### Task prompt
Look below for the line containing "Just Another Manic Mom-Day Graphic Tee" and the line containing "Gabriel Basso and"; repeat exactly those two lines and all lines between them, and nothing else.

### Supplied information
□ □ □ □

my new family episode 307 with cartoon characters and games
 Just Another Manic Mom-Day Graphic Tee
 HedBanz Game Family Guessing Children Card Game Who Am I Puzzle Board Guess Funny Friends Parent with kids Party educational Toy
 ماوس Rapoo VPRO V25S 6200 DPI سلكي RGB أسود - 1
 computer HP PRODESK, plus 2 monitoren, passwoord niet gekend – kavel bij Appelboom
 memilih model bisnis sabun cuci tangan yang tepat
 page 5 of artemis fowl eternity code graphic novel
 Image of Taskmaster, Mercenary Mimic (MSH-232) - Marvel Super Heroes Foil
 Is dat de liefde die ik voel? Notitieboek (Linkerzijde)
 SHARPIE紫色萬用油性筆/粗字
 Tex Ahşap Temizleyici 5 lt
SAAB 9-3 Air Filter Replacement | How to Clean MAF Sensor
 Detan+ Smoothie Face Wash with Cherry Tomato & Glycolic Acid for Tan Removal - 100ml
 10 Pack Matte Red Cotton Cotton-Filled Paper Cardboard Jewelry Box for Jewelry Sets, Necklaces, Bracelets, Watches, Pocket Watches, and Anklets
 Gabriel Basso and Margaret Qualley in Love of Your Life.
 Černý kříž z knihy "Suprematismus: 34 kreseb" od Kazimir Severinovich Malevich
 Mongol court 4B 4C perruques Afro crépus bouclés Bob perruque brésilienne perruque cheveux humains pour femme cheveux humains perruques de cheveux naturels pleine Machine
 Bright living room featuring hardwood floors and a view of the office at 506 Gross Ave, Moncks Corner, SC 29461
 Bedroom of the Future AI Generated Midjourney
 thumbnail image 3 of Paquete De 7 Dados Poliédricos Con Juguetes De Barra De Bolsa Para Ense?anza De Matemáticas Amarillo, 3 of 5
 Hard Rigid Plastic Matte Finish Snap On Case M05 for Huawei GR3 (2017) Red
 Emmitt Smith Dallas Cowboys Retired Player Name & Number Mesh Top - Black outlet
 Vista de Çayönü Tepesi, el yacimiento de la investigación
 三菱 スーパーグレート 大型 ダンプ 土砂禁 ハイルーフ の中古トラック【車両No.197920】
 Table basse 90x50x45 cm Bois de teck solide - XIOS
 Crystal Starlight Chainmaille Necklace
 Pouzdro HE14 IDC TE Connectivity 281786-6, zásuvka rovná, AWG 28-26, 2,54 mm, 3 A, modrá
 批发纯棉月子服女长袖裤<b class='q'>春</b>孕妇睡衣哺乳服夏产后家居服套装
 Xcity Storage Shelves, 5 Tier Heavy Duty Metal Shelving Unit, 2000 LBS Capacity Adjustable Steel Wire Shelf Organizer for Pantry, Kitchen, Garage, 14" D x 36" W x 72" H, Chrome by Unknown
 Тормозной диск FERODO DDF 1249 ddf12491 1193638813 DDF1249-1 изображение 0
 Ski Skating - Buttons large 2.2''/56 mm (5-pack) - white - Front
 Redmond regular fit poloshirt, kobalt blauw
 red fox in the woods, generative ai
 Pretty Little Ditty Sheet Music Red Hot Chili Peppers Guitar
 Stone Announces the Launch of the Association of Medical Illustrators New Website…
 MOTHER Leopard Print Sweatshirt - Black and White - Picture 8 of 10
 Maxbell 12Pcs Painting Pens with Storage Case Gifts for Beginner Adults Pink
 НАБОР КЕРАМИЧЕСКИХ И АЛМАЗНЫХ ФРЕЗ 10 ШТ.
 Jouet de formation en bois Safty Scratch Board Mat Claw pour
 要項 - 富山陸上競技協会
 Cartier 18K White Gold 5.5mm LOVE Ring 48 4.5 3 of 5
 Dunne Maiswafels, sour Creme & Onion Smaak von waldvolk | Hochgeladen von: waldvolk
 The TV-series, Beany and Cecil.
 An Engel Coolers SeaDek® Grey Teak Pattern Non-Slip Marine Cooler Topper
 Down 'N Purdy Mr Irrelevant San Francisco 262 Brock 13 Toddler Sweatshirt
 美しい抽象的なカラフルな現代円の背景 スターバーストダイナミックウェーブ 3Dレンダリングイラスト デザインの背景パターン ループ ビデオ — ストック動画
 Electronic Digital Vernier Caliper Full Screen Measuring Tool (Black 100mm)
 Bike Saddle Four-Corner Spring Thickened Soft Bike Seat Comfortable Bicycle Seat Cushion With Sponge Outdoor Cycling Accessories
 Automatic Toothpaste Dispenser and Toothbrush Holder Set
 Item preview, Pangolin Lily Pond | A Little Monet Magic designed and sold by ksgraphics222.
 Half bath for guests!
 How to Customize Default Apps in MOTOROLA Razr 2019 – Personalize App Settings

□ □ □ □

### Output for this exercise
 Just Another Manic Mom-Day Graphic Tee
 HedBanz Game Family Guessing Children Card Game Who Am I Puzzle Board Guess Funny Friends Parent with kids Party educational Toy
 ماوس Rapoo VPRO V25S 6200 DPI سلكي RGB أسود - 1
 computer HP PRODESK, plus 2 monitoren, passwoord niet gekend – kavel bij Appelboom
 memilih model bisnis sabun cuci tangan yang tepat
 page 5 of artemis fowl eternity code graphic novel
 Image of Taskmaster, Mercenary Mimic (MSH-232) - Marvel Super Heroes Foil
 Is dat de liefde die ik voel? Notitieboek (Linkerzijde)
 SHARPIE紫色萬用油性筆/粗字
 Tex Ahşap Temizleyici 5 lt
SAAB 9-3 Air Filter Replacement | How to Clean MAF Sensor
 Detan+ Smoothie Face Wash with Cherry Tomato & Glycolic Acid for Tan Removal - 100ml
 10 Pack Matte Red Cotton Cotton-Filled Paper Cardboard Jewelry Box for Jewelry Sets, Necklaces, Bracelets, Watches, Pocket Watches, and Anklets
 Gabriel Basso and Margaret Qualley in Love of Your Life.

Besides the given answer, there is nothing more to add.